### What is required:
Your job is to print the listing exactly.

### The data:
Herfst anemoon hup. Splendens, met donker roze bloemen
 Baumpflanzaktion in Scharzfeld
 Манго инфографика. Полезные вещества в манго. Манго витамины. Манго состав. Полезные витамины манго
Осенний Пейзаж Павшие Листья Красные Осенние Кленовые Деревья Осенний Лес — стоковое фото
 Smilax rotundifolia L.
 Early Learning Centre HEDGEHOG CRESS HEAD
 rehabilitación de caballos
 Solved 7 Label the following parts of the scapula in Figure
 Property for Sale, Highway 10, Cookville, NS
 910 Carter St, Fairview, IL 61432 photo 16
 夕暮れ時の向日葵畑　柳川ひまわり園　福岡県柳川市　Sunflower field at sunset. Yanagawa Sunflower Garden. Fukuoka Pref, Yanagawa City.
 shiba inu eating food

### Your solution:
Herfst anemoon hup. Splendens, met donker roze bloemen
 Baumpflanzaktion in Scharzfeld
 Манго инфографика. Полезные вещества в манго. Манго витамины. Манго состав. Полезные витамины манго
Осенний Пейзаж Павшие Листья Красные Осенние Кленовые Деревья Осенний Лес — стоковое фото
 Smilax rotundifolia L.
 Early Learning Centre HEDGEHOG CRESS HEAD
 rehabilitación de caballos
 Solved 7 Label the following parts of the scapula in Figure
 Property for Sale, Highway 10, Cookville, NS
 910 Carter St, Fairview, IL 61432 photo 16
 夕暮れ時の向日葵畑　柳川ひまわり園　福岡県柳川市　Sunflower field at sunset. Yanagawa Sunflower Garden. Fukuoka Pref, Yanagawa City.
 shiba inu eating food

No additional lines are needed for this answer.